By contemporary standards, remarks by the Mavericks’ Avery Johnson following Dallas’ Game 6 loss to Houston the other night weren’t so spectacular (he’s no J-Will, put it that way), but allusions to Jeff Van Gundy have annoyed the former Knicks coach just the same. From the Dallas Star-Telegram’s Dwain Price.
Houston Rockets coach Jeff Van Gundy accused Avery Johnson of “taking some shots” at him during Johnson’s rant after Thursday’s 101-83 loss to Houston.
Without naming Van Gundy, the Mavericks’ coach said: “It surprised me to have a team come in here down 0-2 in the series, and everybody had them written off. Then I don’t hear anything about the Mavs winning three in a row.
“Maybe I need to go crazy. Maybe if I do, you won’t talk about who won and lost Game 6. You’ll talk about the coach who went crazy.”
Van Gundy took Johnson’s comments personally.
“I don’t think there’s any doubt that he’s taking some shots at me,” Van Gundy said. “He can feel free to use my name. He doesn’t have to speak around it.”
Thursday’s Houston Chronicle devoted much space to a story about fans willing to help Van Gundy pay his fine. That coverage also irked Johnson.

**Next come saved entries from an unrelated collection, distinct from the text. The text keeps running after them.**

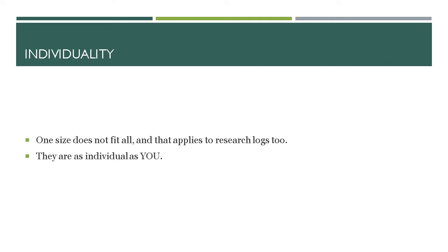A research log will be as individual as we all are and it will be devised by whatever suits your mechanism for how you research. I think you need to make sure whatever your research log reflects, it's something that you can work with and feel happy with.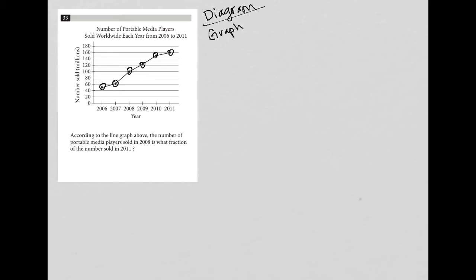So this question says, if I look at the actual graph first, this graph says the number of portable media players sold worldwide each year from 2006 to 2011. So I see my years here on the x-axis and then the number sold here on the y-axis.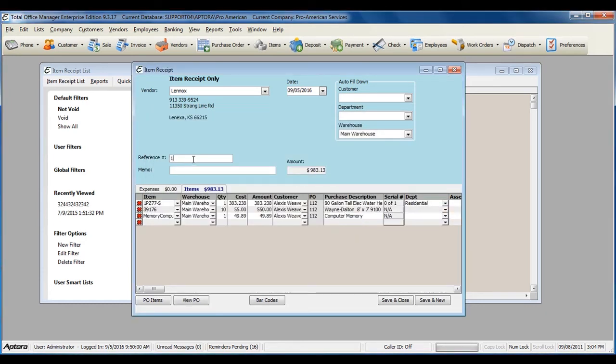Enter in a reference number for the shipment or order, and then enter in a memo for any special information that must be noted.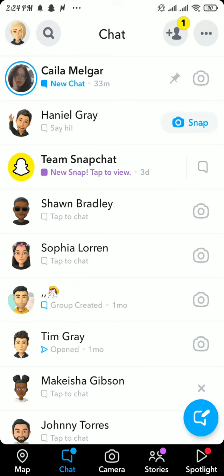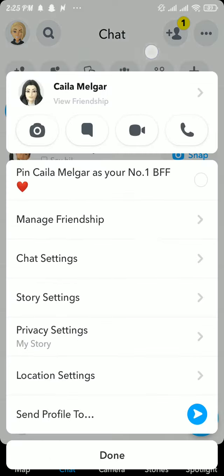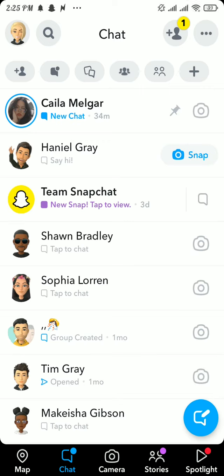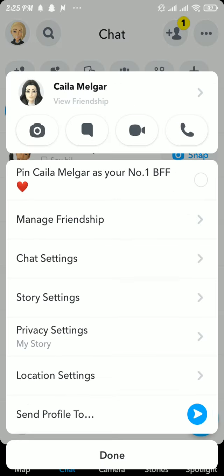Now in order to remove someone from your best friend list, tap and hold the conversation with that friend and then tap on the manage friendship option.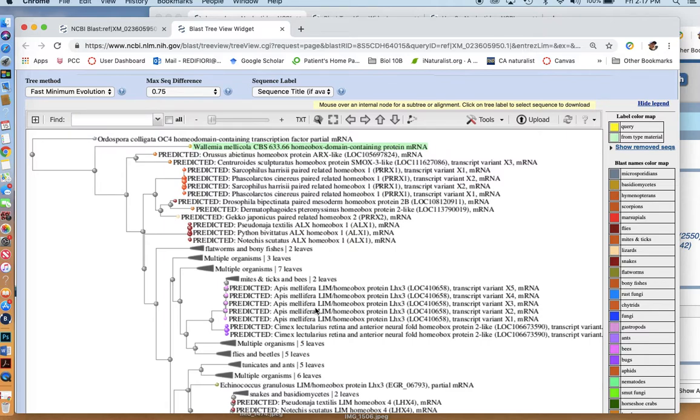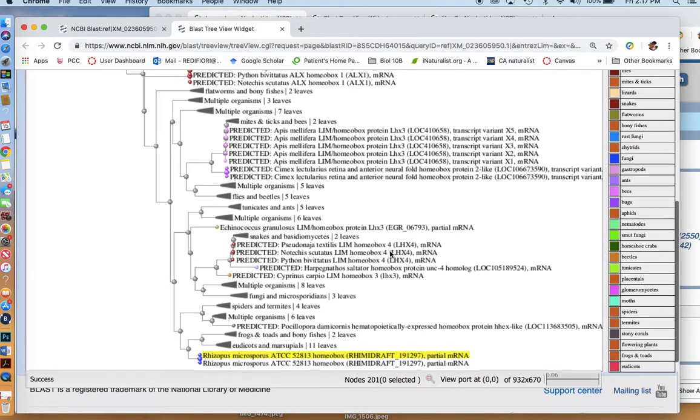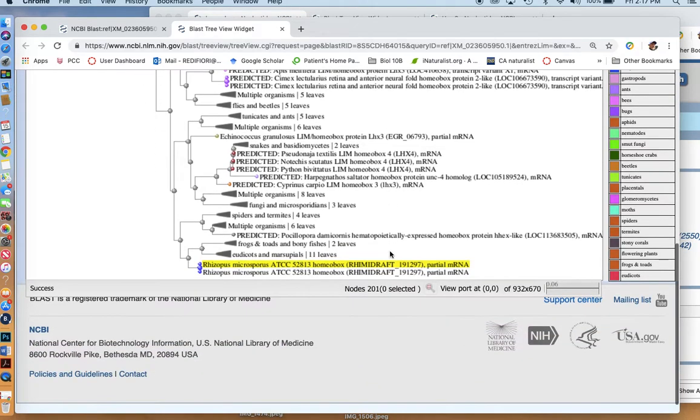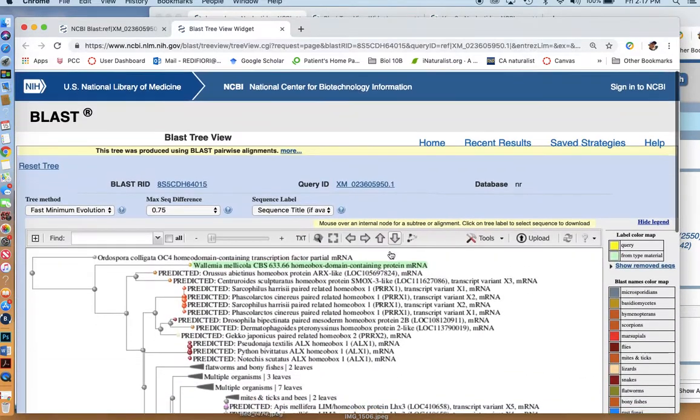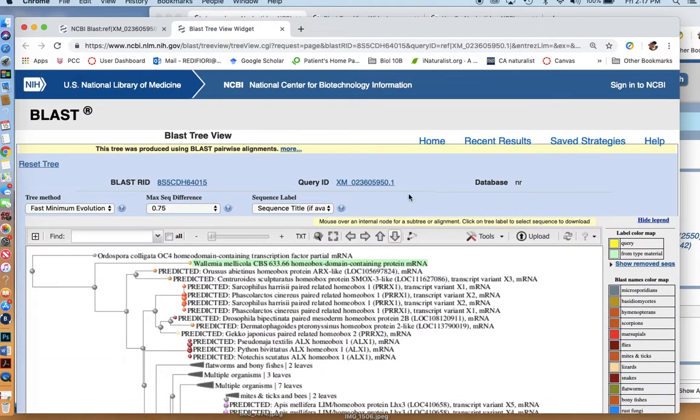If they're different, you might be looking at different evolutionary mechanisms generating these different patterns, indicating that animals might have a much more complex evolutionary history. So there you go. That's a brief, quick look at how to use the BLAST tool.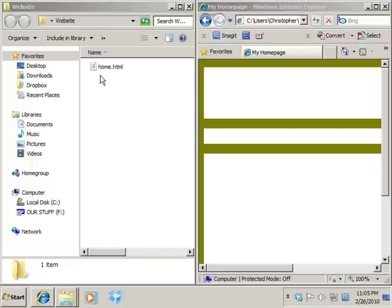Hi guys, welcome back. This is Chris again and we are now in our fourth installment of creating a website with HTML with no special software whatsoever.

“This series is supposed to be about basketball,” Johnson said. “But you read the coverage in the Houston Chronicle.
“Was there any coverage of the games? It was all about things outside basketball.”
On Friday, a much calmer Johnson defended his statements, but added that what happens on the court is what matters in this series.
“So much attention was being drawn to a non-basketball issue than what was going on the court,” Johnson said. “A lot of times when people read that stuff, it tends to sway their judgment.
“We just need to get the record straight, that it’s 3-3, and these teams are really pouring their hearts out on the court.”
Maybe, but Van Gundy said he was even more displeased with Johnson’s comments, considering Van Gundy came to Johnson’s defense when the Mavs coach was fined $10,000 for charging referee Joey Crawford after Game 1.
“I would have just expected more from a coach who — after he did what he did — I tried to support him.”